------ DATA RECORDS ------

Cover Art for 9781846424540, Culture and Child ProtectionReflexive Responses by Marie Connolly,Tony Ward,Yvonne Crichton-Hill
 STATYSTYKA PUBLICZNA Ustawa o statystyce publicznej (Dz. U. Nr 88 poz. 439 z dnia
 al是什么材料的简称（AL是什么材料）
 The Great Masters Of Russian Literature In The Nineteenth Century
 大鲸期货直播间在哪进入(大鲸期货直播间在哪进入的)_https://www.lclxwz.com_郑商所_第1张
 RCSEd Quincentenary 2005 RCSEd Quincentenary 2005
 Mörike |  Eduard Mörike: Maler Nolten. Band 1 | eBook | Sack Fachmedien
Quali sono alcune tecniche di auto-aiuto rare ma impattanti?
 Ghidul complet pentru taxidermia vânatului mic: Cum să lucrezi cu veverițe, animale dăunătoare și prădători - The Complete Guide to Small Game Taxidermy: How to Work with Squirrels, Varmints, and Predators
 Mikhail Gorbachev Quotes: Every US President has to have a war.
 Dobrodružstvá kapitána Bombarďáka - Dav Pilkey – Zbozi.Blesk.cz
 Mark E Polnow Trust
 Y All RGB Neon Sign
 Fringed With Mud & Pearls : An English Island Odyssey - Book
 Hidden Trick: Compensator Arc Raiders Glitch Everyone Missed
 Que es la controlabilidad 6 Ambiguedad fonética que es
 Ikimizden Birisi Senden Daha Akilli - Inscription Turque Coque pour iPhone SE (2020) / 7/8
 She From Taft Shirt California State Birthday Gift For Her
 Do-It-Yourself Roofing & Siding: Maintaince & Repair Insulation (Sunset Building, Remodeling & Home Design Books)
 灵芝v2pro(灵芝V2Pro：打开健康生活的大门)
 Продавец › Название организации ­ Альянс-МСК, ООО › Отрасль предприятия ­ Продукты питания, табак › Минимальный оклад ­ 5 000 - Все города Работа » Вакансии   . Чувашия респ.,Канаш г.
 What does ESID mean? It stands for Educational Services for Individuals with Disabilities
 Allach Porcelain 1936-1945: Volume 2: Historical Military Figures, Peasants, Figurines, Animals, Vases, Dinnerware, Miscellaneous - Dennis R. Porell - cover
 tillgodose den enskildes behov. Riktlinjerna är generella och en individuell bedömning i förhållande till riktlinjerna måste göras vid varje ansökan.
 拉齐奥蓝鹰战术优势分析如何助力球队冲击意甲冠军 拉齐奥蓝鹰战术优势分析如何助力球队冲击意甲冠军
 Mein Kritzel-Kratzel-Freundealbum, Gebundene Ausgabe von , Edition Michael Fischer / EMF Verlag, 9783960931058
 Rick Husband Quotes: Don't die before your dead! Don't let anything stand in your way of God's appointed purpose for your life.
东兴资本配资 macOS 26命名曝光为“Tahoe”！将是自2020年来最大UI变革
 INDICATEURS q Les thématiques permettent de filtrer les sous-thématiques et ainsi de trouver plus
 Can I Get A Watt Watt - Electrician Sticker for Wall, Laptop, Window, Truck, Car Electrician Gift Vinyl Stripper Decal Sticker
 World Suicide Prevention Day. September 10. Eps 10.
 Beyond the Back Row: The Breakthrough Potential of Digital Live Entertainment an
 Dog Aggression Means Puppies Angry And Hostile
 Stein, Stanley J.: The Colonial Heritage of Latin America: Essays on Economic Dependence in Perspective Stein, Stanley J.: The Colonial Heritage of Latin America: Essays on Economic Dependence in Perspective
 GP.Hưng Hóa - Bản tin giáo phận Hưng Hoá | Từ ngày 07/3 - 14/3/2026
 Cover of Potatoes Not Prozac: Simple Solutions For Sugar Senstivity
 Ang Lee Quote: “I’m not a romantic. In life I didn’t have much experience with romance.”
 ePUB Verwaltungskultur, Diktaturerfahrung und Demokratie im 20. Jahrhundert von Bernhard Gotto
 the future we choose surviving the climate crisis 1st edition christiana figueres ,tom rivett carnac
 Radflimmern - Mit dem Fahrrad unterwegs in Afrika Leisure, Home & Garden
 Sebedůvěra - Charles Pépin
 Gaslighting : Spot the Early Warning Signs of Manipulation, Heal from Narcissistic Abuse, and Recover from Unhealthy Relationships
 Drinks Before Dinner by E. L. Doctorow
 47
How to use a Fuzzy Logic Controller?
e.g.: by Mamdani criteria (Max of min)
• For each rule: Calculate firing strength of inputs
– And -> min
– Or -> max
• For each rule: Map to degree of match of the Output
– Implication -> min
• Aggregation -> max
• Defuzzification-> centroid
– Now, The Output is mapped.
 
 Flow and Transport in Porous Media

------

» WORK TO COMPLETE: Exactly as written, give the line containing "Implication -> min" and all remaining lines of the records.

» SOLUTION BELOW:
– Implication -> min
• Aggregation -> max
• Defuzzification-> centroid
– Now, The Output is mapped.
 
 Flow and Transport in Porous Media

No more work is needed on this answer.